Carter's boyfriend just dumped him and the head of his law firm has got him working on a case that’s legally sound but morally reprehensible. He needs something positive in his life, and he gets it in the form of a tiny, fluffy puppy a kid hoists on him in a parking lot. Carter has no idea what to do with a puppy (if Freckles even is a dog and not a hamster, as her size suggests), so he rushes straight to the nearest pet store with a veterinarian attached and has the good fortune to meet Sandy, a vet tech who's willing to give the occasional cute, dog-loving lawyer some after hours help with the whole pet ownership thing.
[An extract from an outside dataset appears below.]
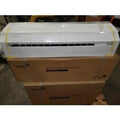 YORK DHPM09NWM41Q1A 9,000 BTU SINGLE ZONE INDOOR MINI-SPLIT HEAT PUMP UNIT/W MODULATING INVERTER TECHNOLOGY, 22 SEER 115/60/1 R-410A 194288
Their relationship is sweet and mutually supportive, but it's the dog angle that sold me on this nominally holiday romance. (The Thanksgiving and Christmas bits are light enough that you can read this any time of year, as I did.) Freckles is a tiny Shih Tzu/Chihuahua cross, and I recognized so much of what Carter goes through as he adjusts to dog ownership and strives to be a good caregiver for her. I've had dogs all my life, barring an eighteen-month dogless stint when I was very young, but my wee Murchie is the first dog who's really been mine. He decided I was his person mere hours after we met, despite family plans to the contrary, and I spent a certain amount of time freaking out about how I was now responsible for this 2.5-pound fluffball who was brand new to the world and correspondingly lacking in common sense. I wanted to do right by him, and I was terrified he'd get sat on or stepped on or otherwise injured during one of his exploratory forays into the great unknown1.

I still worry he'll get sat on or stepped on, especially since he's a bit too inclined to trust people will notice he's there and work around him. That's a dangerous attitude to adopt when you're still only 3.5 pounds and you're the same colour as the kitchen floor, y'know?

So, yes. Carter's dog ownership arc felt very real to me, not just for the anxieties but also for the joy he takes in Freckles. She brightens his whole life with the cute stuff she does and the new experiences she pushes him towards. His adjustment period reads like a sweet, fluffy adventure as he learns the ins and outs of his new charge’s personality, gauges her limits, works out a care schedule, and breaks the news about her to everyone in his life.

He also gets used to being a living chair for a tiny dog who’s rather cuddle up in his lap than lay in her basket alone. Awwwww.

To be honest, I’d probably be gushing to the heavens even if the whole book had been nothing but Carter bonding with Freckles. Their connection is that cute, and that easy to latch on to if you’ve ever adopted a new puppy of your own. Freckles isn’t the only important thing in Carter’s life, though, and I adore how she acts as a catalyst that brings about so many positive changes to his world.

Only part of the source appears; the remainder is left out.